Tuesday, June 30, 2015

Whispers and Storms

It was 2:30 am on some street in downtown Pittsburgh
And we had just come out the back door of a tiny punk bar.
I was definitely under-dressed for a cold winter night in September,
And you were too drunk to drive.
I held your keys in my hand, feeling their weight in my fingers.
Your key chain said “too young to die” and I hoped that were true.
You were staring at me, a half grin on your face,
That I didn't particularly like much.
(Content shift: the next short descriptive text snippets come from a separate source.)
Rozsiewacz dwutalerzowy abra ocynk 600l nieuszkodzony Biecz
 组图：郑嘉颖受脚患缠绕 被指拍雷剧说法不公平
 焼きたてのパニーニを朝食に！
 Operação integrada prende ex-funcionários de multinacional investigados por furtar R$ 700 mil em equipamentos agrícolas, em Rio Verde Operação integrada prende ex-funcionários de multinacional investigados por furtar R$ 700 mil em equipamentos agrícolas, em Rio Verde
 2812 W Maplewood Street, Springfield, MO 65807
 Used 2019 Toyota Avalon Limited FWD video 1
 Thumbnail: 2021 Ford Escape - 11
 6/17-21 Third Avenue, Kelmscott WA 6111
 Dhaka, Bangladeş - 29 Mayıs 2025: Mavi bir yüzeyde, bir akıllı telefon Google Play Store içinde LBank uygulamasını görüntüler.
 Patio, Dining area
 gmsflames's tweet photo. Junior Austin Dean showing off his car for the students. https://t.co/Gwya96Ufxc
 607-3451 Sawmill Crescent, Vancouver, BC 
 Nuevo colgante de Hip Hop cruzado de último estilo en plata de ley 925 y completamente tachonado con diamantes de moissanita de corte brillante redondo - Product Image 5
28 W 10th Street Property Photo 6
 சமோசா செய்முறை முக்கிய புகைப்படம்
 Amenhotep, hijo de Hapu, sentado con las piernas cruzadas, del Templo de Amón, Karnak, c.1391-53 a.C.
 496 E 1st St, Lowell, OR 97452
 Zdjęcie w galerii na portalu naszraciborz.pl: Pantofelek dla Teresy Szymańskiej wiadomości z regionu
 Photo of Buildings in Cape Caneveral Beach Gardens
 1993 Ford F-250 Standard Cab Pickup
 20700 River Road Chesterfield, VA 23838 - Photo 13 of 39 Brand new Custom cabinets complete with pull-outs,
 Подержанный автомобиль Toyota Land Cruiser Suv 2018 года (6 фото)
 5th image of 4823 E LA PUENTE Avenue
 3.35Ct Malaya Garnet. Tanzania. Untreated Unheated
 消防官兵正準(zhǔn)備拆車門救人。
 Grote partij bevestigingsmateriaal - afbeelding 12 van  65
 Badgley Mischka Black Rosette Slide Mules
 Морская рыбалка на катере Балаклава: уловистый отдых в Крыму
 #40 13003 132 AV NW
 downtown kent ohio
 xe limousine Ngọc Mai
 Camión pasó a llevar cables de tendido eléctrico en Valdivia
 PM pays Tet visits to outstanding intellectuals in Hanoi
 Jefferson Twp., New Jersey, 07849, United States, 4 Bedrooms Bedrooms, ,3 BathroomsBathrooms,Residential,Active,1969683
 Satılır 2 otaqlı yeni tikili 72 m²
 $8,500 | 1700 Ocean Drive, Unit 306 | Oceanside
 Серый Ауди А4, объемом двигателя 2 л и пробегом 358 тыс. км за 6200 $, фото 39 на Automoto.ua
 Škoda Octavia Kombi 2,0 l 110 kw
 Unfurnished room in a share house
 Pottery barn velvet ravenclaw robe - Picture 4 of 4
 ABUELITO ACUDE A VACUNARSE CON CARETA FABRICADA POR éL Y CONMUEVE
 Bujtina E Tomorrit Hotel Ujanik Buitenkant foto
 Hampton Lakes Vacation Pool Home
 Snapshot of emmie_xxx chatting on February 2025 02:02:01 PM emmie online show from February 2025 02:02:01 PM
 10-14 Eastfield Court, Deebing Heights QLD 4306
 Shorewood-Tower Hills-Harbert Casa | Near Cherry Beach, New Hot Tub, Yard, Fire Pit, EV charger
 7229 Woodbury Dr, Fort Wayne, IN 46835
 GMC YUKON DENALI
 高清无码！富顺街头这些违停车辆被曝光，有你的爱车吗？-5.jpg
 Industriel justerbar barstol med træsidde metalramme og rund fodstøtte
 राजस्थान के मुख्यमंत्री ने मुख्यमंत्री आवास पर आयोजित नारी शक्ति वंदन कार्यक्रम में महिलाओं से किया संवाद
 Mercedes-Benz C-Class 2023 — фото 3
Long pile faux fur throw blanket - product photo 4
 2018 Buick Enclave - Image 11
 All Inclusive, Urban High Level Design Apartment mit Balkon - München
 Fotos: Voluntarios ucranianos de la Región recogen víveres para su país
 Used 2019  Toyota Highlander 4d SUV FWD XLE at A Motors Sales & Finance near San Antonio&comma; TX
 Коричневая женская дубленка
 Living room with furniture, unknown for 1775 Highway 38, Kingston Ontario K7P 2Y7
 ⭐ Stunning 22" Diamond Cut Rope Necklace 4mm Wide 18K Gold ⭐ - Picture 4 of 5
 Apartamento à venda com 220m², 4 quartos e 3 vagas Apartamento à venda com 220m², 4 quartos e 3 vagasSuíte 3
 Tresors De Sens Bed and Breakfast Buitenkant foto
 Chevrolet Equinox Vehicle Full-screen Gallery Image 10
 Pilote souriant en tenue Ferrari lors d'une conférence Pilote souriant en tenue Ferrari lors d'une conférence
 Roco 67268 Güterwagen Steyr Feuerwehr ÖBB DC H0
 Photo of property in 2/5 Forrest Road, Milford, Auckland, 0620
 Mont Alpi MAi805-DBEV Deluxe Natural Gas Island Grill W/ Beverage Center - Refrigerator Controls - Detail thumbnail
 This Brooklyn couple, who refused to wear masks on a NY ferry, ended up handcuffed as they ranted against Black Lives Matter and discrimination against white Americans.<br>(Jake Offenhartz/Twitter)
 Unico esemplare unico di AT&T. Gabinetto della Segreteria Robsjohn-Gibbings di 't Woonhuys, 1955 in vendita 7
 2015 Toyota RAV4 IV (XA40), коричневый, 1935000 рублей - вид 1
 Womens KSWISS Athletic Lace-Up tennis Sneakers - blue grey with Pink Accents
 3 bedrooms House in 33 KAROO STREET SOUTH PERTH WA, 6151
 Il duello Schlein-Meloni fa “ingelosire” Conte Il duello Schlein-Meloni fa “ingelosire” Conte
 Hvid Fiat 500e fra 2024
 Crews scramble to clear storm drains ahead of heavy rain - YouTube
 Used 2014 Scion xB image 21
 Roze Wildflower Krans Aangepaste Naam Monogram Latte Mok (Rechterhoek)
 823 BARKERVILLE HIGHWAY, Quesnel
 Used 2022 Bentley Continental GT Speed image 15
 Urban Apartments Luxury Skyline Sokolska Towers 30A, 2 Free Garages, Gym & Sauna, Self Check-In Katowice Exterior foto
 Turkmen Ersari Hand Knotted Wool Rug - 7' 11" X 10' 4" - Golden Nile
I wondered how I looked to you.
You in your band tee-shirt and sleepy blue eyes,
Blonde hair falling, creating a frame … you are beautiful.
It was an old cliché, but I never loved anyone more.
We were on the verge of a screaming battle
I could feel it on the wind like a whisper of a bad omen
Teasing me that I could lose my man with just one wrong word.
I reached up slowly and touched your cheek, and you kissed my palm,
Humming as you did.
Touch has always been a glue for us, a wall-breaker, when we've started to build.
The half-grin is gone and you're smiling now
And the whispers of a bad omen have retreated back … back ...
You pull me into your arms and we're dancing and laughing
On a cold street in the middle of the night in Pittsburgh
And neither one of us quite knows why

But we both know that we missed a storm.